1. How to split GPU resources: expose compute and memory as separate dimensions.
2. How to enforce the split: intercept CUDA calls and apply limits.
3. How to schedule optimally: use topology awareness to avoid slow paths.

Together, these pieces form a practical, engineered GPU virtualization path.

2. CUDA Software Stack

Understanding GPU isolation requires knowing where interception can happen. The CUDA software stack has four layers from top to bottom:

• Application: user CUDA programs calling CUDA APIs.
• CUDA libraries: split into CUDA Runtime API (higher-level, cudart dynamic library, cuda-prefixed entry points) and CUDA Driver API (lower-level, cuda dynamic library, cu-prefixed entry points, finer control over context and module loading).
• Kernel driver: NVIDIA GPU driver, managing GPU resources and OS interaction.
• GPU hardware: the physical device providing parallel compute.

Every hop from API to hardware can be intercepted.
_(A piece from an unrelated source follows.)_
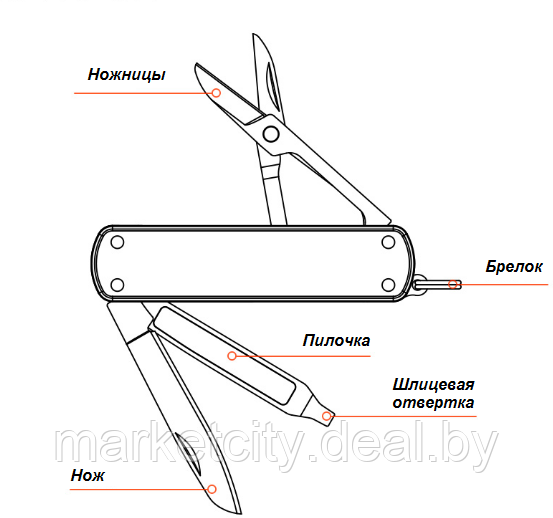 Нож перочинный Xiaomi NexTool Natuo Multi-Function Knife (KT5026B) (KT5530B) - фото 8 - id-p162040231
The industry has built various GPU isolation solutions at different layers of this stack.

3. GPU Driver Scheduling Internals

When a CUDA program submits work to the GPU, the driver orchestrates execution through a fine-grained scheduling mechanism. The GPU consists of multiple functional units called Engine:

• Compute/Graphics Engine: general-purpose cores for CUDA compute and graphics.
• Copy Engine: handles async data transfer between GPU and CPU.
• NVENC/NVDEC Engine: video encoding/decoding.

The GPU Host bridges the CPU and GPU. It contains a runlist processor that scans runlists for the next channel to run, and a context switcher that swaps engine state when switching between channels with different contexts.

The scheduling flow works as follows:

1. The driver creates one or more channels per program for submitting compute or copy requests.
2. Channels are grouped into TSG (Time Slice Group). Channels in the same TSG share the same GPU context.
3. Each TSG finds its runlist based on its assigned Engine type.
4. The GPU Host picks a TSG from the runlist in round-robin fashion, selects a channel from that TSG, and dispatches it to the engine.
5. The engine executes the submitted commands.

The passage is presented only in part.